If all available information is contained in a stock price (and it is), then how do people like Warren Buffet and George Soros exist and consistently profit from the stock market?

The answer lies in trust, and weighted information. EMH requires that all investors use all their knowledge, but it does not require that they know everything, nor that different investors know the same things. Consider a horse race: every better knows the same information about the horses, and the normal distribution of decisions based on risk is perfectly adhered to. Let’s say the odds on one spectacular horse are 70-30 in its favor based on the collective and informed bets of everyone currently there.

Now imagine the crowd doubles due to an influx of newbies. Each one sees the odds on the screen, trusts the wisdom of the crowd before them, and bets on this horse. Suddenly the odds are 85-15 in its favor. Did anything in the horse inherently change? No. Was any information lost or changed in the marketplace? No; the information was simply disproportionately weighted. Suddenly the underdog horse is a much better buy - you get an 85% return (not counting what the establishment skims off the top) for what is still essentially a 70% risk. Nevertheless, you would not know this from trusting the board.

Similarly in stock markets, people have a propensity to buy stocks following someone else’s lead. If Soros picks up a lot of stock in a particular company, people trust that and buy stock themselves, giving himself a short-term boost in the manner of a self-fulfilling prophecy. If Buffet sees this behavior and owns some of that stock himself, he can note that Soros’ information is overweighted in the market, causing a jump in stock price despite no underlying change in the stock’s business itself. By riding this wave and selling at the peak of it, watching the behavior of investors deemed trustworthy (especially big ones like Soros and Buffet) and bidding opposite to them (after a short delay to allow their effects to be felt first - for example, buying a stock newly cheapened after Buffet and followers unload it) is a way to, counter to strict EMH, consistently outperform the market.

In the case of the horse betting example, the reaction of the informed would be quick enough that they would trade their bets and shortly balance out the discrepancy, making the market effectively efficient for all but the quickest and most observant. But that requires that there be quick and observant people that benefit from this. Furthermore, the ability of one in a stock market to reap the returns on his investment by selling at any point he chooses makes it possible for the quick and observant to ride these waves, rather than waiting for the final result and payout, by which time the market will have corrected itself.

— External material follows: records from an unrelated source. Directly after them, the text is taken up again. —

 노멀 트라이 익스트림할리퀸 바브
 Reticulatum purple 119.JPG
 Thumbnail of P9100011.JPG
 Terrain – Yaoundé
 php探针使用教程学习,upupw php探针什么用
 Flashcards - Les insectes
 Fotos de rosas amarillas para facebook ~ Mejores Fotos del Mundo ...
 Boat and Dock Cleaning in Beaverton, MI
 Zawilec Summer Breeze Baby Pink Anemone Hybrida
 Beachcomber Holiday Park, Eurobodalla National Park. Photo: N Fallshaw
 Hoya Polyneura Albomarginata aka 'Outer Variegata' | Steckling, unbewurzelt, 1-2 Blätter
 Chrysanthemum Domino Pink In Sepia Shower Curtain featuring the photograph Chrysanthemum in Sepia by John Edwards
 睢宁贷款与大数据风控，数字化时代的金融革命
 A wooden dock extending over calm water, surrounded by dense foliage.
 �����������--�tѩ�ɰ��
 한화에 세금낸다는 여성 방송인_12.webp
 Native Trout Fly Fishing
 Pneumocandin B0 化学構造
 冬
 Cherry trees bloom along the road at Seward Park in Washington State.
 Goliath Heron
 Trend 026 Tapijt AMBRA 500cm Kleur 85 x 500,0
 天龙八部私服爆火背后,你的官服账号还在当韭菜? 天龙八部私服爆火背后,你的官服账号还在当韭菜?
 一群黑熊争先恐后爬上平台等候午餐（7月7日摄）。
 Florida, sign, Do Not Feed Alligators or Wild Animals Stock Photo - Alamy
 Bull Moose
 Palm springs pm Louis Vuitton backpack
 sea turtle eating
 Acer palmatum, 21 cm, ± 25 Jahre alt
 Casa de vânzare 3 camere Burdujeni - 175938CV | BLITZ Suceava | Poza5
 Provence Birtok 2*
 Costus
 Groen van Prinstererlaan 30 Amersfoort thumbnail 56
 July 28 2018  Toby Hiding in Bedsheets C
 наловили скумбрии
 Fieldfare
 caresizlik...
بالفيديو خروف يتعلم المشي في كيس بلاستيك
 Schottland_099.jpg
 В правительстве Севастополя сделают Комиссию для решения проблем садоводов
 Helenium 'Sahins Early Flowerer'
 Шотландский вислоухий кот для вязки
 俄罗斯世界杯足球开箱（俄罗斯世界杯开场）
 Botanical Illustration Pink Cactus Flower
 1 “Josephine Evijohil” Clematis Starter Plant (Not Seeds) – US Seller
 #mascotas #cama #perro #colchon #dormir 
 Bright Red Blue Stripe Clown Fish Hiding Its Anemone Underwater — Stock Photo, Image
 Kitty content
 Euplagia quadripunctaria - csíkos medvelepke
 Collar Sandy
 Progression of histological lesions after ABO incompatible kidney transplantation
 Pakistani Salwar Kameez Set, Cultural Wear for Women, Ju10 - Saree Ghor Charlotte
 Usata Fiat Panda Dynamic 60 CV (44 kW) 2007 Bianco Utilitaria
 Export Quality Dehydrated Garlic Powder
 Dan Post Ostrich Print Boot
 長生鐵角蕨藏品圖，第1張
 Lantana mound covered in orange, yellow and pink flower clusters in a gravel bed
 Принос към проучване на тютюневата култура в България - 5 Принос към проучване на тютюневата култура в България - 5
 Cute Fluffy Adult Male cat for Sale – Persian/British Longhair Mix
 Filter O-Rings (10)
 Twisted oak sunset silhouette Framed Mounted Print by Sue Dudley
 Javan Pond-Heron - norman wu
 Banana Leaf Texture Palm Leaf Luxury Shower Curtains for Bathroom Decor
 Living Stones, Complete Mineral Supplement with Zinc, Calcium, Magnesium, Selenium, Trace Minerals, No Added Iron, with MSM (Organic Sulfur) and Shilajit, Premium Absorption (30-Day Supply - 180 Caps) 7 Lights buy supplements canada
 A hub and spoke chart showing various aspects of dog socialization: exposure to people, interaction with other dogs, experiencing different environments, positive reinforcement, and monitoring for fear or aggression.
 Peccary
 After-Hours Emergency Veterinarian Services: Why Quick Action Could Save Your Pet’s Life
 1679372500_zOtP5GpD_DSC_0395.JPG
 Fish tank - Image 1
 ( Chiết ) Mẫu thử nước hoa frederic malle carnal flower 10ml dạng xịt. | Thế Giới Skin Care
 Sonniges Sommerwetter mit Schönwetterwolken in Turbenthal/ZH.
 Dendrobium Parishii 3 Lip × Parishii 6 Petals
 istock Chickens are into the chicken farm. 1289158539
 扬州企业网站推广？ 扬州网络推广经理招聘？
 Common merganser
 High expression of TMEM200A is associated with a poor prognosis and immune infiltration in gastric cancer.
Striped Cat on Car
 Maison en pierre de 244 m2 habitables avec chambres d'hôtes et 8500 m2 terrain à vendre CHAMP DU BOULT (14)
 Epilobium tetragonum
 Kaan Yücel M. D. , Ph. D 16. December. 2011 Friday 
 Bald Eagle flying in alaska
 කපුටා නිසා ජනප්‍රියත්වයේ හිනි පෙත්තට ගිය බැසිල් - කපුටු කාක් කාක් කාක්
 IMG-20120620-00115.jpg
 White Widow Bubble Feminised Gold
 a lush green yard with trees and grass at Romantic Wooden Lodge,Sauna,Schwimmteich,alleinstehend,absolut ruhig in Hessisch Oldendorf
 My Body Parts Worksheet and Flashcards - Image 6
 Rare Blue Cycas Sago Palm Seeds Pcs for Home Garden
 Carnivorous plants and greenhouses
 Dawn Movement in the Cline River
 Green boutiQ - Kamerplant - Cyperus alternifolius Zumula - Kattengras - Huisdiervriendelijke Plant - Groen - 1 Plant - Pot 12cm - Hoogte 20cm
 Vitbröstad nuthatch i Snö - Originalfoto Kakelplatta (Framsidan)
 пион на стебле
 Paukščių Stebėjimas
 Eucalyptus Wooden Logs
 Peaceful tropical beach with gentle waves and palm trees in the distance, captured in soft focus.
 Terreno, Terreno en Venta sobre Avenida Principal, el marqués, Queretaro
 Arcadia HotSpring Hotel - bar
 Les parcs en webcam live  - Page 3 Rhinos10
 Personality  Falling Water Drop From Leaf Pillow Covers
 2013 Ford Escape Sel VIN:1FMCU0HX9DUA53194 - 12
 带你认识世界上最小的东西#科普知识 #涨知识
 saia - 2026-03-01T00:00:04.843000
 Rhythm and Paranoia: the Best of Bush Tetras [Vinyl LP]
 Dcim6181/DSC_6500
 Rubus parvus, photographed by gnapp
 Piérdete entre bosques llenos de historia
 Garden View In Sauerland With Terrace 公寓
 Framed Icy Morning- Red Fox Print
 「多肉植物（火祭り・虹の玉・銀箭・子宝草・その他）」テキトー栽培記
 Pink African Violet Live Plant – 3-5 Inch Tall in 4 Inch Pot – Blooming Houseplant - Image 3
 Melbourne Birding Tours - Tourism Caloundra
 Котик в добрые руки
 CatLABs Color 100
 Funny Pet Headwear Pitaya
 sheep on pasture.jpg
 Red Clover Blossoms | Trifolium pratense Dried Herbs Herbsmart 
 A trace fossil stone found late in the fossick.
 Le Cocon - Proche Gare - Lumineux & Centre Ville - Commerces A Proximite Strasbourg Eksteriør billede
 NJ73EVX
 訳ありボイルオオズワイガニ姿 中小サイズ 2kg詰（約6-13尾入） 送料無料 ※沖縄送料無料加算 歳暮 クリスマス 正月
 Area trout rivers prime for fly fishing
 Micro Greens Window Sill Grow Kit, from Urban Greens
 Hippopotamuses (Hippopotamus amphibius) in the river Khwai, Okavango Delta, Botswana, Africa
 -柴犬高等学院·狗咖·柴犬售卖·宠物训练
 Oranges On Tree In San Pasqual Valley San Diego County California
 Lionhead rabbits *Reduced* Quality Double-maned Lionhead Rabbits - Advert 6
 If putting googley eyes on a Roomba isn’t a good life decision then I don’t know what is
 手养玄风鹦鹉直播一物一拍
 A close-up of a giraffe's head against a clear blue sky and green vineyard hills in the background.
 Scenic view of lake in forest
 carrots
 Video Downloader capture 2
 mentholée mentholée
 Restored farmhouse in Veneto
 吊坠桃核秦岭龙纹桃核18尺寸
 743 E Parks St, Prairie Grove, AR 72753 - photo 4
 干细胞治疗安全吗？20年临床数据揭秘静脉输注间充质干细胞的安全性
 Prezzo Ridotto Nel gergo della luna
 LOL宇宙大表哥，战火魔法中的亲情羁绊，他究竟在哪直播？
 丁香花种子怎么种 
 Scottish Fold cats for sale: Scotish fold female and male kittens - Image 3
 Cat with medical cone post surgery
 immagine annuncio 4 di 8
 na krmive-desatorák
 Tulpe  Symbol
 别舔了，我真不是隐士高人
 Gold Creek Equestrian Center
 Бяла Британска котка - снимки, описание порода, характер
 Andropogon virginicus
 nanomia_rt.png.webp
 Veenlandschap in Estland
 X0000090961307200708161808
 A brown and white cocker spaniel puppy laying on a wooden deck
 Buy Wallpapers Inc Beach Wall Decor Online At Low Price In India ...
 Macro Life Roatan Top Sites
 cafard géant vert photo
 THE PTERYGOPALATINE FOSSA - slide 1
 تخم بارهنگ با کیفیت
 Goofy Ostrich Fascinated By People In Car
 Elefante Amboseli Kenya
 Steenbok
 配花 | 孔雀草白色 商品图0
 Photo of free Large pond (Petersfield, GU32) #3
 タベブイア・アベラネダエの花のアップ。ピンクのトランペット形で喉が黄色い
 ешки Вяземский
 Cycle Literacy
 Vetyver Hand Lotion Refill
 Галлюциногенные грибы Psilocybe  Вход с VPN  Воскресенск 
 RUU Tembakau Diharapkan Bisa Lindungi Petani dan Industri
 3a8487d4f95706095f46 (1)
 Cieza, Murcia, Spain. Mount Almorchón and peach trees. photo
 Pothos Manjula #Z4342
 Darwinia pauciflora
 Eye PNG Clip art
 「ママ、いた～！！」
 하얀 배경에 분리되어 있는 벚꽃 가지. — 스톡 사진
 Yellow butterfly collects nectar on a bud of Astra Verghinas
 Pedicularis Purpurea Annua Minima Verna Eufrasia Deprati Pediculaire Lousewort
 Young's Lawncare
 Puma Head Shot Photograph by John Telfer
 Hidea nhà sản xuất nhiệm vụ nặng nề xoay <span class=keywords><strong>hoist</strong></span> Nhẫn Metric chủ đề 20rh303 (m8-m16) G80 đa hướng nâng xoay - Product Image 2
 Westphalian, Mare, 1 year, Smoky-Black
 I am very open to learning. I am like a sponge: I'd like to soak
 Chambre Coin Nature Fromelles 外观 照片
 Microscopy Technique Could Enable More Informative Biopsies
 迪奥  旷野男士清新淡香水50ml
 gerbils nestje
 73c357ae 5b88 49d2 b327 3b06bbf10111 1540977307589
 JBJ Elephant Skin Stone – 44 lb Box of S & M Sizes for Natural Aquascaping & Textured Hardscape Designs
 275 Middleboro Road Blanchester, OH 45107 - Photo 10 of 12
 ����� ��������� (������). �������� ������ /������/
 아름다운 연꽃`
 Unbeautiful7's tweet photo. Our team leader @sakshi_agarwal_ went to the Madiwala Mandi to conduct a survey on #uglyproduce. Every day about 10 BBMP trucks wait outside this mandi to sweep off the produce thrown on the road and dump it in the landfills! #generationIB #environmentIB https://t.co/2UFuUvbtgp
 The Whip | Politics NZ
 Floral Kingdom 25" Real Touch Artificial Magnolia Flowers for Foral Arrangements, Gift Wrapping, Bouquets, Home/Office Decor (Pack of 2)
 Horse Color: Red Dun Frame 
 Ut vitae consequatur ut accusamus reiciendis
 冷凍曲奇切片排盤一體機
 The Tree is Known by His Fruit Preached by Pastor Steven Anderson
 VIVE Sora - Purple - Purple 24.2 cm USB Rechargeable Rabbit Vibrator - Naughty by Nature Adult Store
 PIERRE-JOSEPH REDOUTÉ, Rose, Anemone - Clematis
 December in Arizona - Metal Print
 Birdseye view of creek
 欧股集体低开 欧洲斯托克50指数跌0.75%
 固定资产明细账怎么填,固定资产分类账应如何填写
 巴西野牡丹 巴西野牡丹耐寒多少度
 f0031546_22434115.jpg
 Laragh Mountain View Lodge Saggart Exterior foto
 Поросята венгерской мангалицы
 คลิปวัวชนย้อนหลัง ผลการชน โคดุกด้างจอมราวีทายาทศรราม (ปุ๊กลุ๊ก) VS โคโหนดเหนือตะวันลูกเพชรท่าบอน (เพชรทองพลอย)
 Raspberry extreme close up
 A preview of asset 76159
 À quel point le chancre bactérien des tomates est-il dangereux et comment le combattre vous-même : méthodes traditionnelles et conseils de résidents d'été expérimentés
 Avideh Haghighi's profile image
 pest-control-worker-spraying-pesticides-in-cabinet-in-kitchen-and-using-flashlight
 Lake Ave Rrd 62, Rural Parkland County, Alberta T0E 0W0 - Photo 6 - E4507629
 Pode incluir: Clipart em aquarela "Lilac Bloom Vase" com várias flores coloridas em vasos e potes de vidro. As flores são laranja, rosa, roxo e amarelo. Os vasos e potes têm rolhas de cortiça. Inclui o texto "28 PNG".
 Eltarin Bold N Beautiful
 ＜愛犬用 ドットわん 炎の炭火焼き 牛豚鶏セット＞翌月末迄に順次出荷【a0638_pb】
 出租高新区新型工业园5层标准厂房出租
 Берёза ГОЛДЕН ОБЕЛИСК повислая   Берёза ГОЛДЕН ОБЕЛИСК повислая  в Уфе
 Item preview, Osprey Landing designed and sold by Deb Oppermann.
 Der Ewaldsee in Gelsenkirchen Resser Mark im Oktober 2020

If there were a substantial secondary market for bets - meaning bets could be bought and sold from peers based on the current odds, with the expectation of a payout on the order of those current odds before they level out - then one could conceivably make a consistent profit on the horse racing tracks just as in the markets by riding waves of misweighted information.

The catch is, of course, that if everyone catches onto this technique, there is no more trust as a heuristic - nobody follows anyone else’s stock picks - so all information is weighted equally, and EMH really holds true in its purest form. Conversely if everyone trusted the market and resigned themselves to matching its growth by investing in index funds, the market wouldn’t have any information to reflect. Stock prices are set by the people who trade, which according to EMH is suboptimal behavior. This is the irony of EMH: it doesn’t hold true unless no one believes in it - and acceptance of it invalidates it.